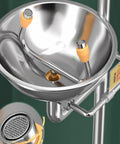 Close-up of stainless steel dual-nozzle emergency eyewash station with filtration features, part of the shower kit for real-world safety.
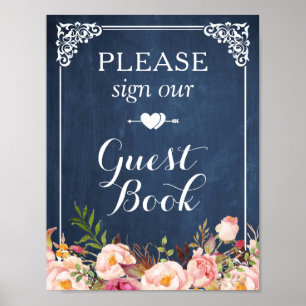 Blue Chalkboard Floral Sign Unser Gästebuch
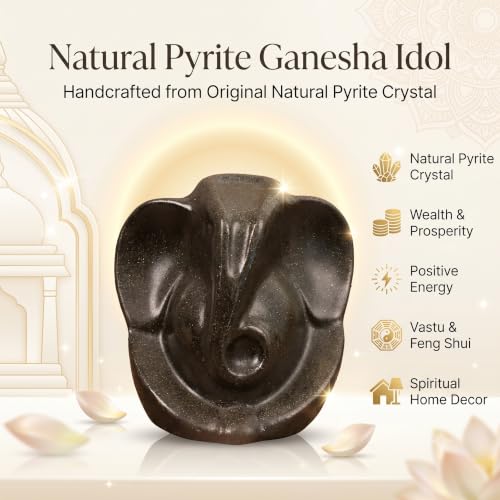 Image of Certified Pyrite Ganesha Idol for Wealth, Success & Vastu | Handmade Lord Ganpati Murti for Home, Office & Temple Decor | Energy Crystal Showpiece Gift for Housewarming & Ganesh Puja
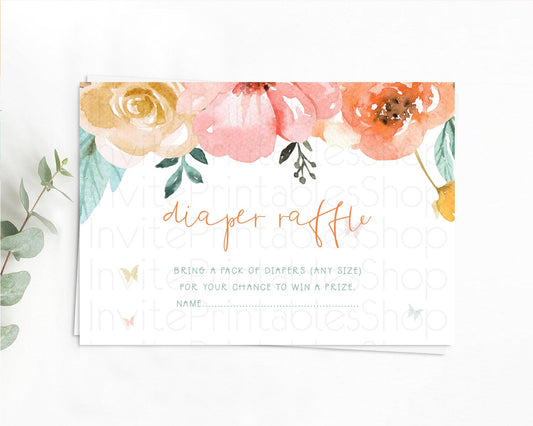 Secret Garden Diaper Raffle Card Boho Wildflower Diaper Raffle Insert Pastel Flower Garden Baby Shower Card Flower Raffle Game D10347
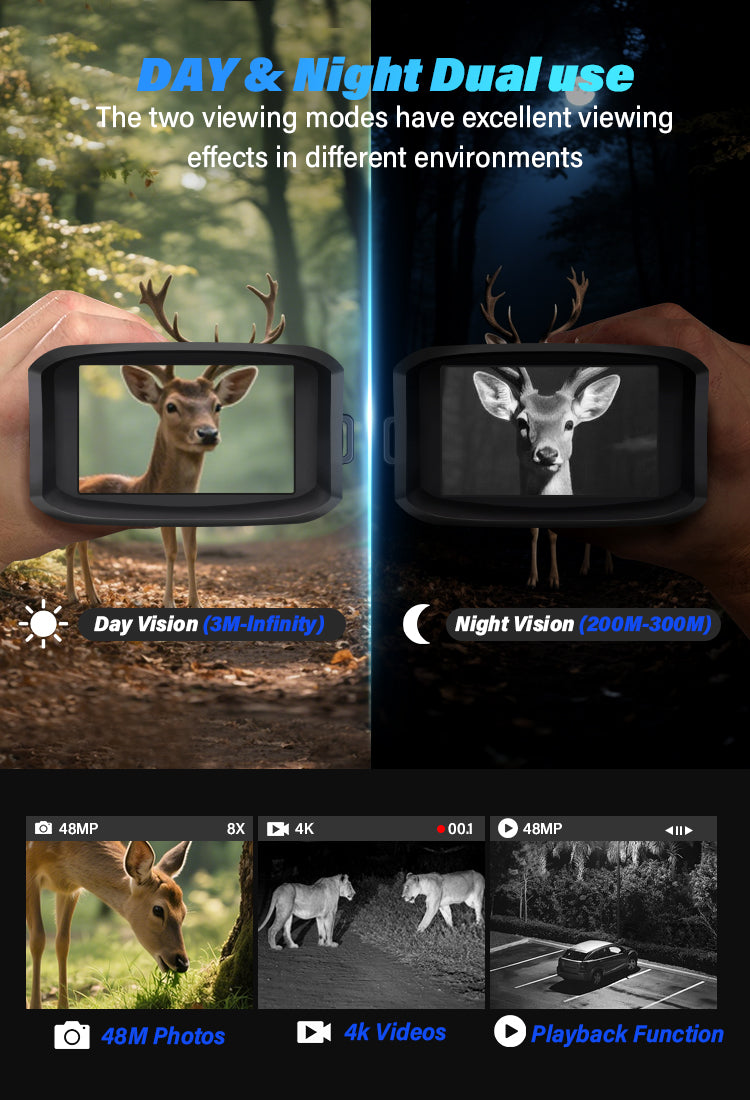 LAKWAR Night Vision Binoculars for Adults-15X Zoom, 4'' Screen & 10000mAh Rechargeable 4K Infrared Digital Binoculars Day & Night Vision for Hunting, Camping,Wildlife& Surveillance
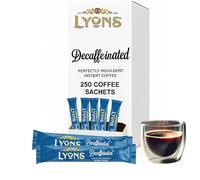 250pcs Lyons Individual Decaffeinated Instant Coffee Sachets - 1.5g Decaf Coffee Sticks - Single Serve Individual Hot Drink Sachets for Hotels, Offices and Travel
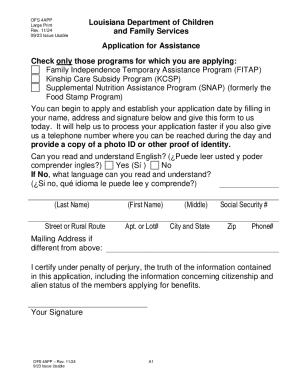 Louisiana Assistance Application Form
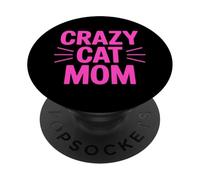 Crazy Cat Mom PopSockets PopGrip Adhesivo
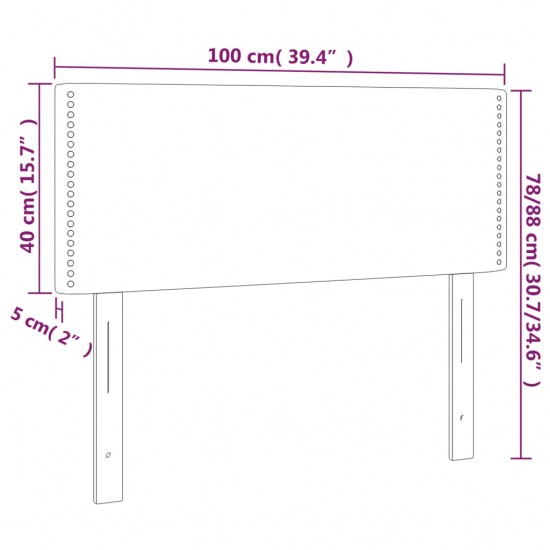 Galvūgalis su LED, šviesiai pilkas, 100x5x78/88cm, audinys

- WORK ITEM
Transcribe, exactly and without pictures, everything in the data from the line with "Image of Certified" down to the line with "250pcs Lyons Individual", both included.

- TASK RESPONSE
 Image of Certified Pyrite Ganesha Idol for Wealth, Success & Vastu | Handmade Lord Ganpati Murti for Home, Office & Temple Decor | Energy Crystal Showpiece Gift for Housewarming & Ganesh Puja
 Secret Garden Diaper Raffle Card Boho Wildflower Diaper Raffle Insert Pastel Flower Garden Baby Shower Card Flower Raffle Game D10347
 LAKWAR Night Vision Binoculars for Adults-15X Zoom, 4'' Screen & 10000mAh Rechargeable 4K Infrared Digital Binoculars Day & Night Vision for Hunting, Camping,Wildlife& Surveillance
 250pcs Lyons Individual Decaffeinated Instant Coffee Sachets - 1.5g Decaf Coffee Sticks - Single Serve Individual Hot Drink Sachets for Hotels, Offices and Travel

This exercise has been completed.